• [Aim of the task]: Beginning at the line that contains "Mercedes EQA250+ AMG Advance 5d", reproduce the entries below exactly, ending with the line that contains "Suite 777 جدة منتجع". Omit each picture.

• [Data extract]:
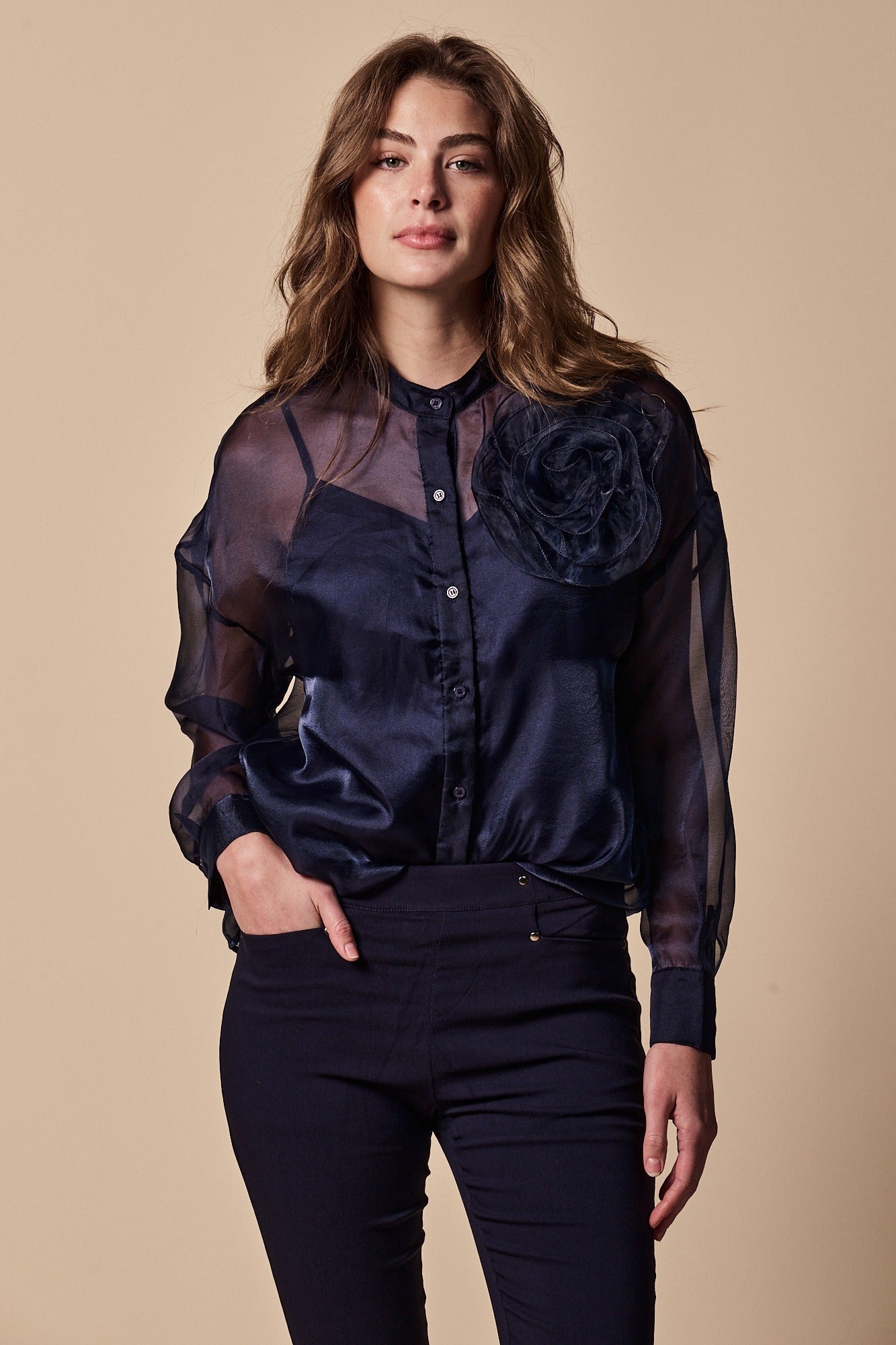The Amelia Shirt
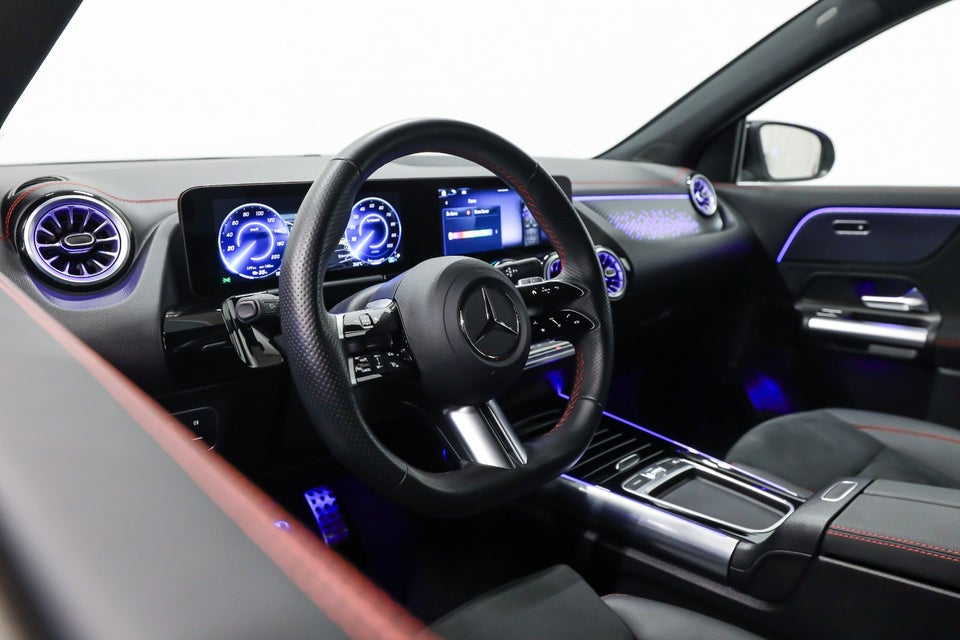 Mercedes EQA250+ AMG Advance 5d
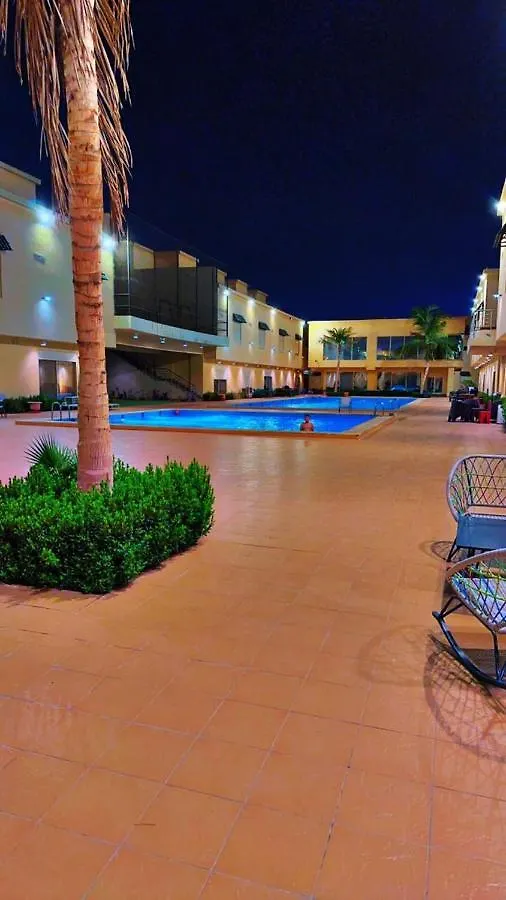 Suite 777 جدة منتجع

--

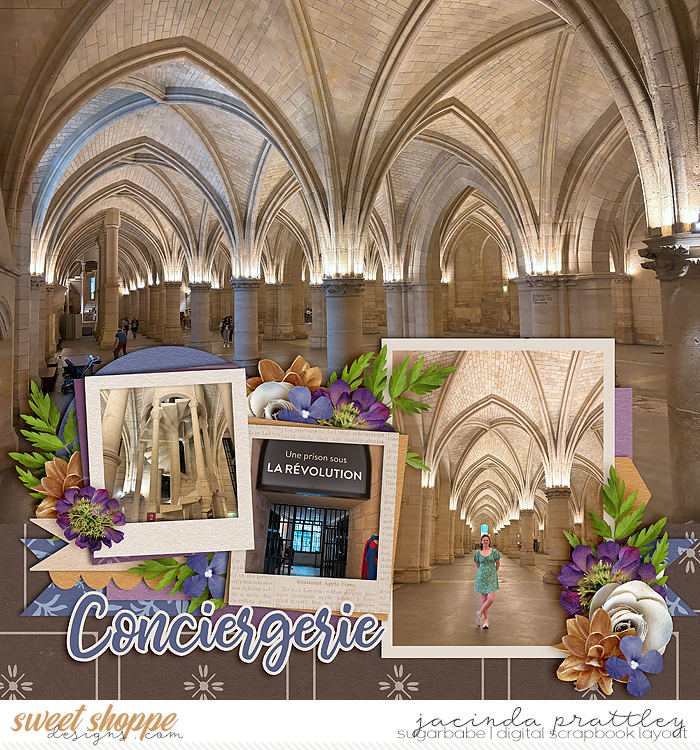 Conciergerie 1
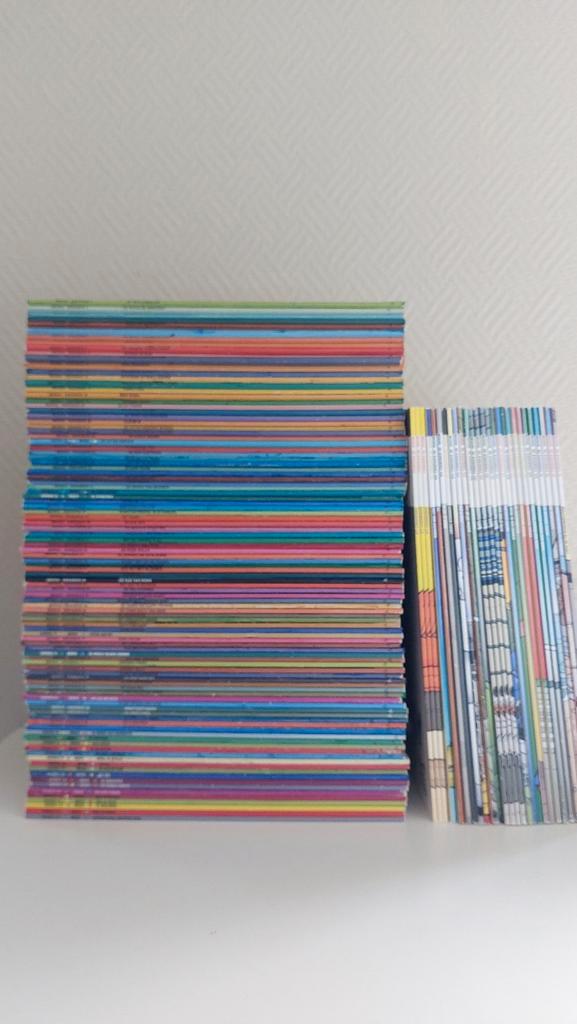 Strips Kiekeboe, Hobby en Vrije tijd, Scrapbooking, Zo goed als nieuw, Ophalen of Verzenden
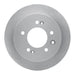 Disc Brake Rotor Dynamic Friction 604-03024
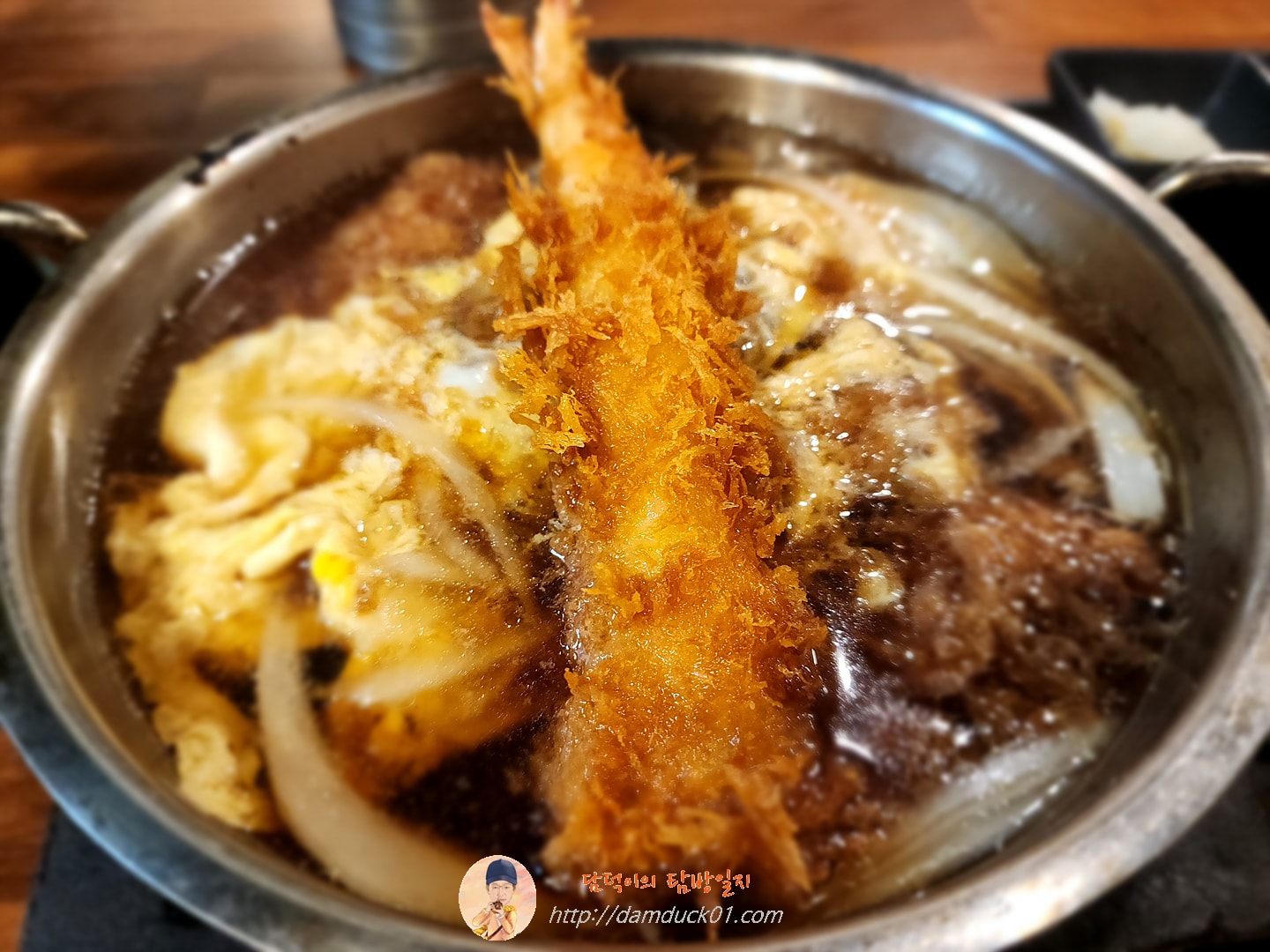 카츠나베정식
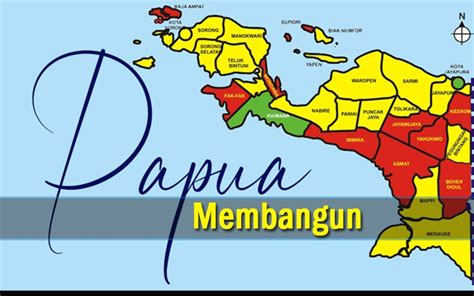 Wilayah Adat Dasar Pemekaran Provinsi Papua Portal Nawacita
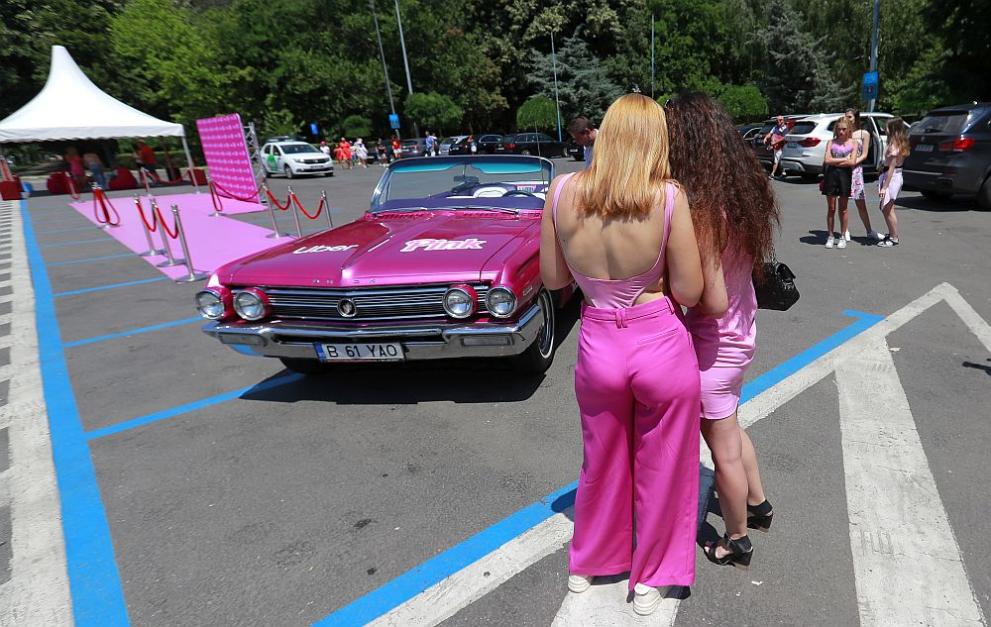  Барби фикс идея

• [Solution to this task]:
 Mercedes EQA250+ AMG Advance 5d
 Suite 777 جدة منتجع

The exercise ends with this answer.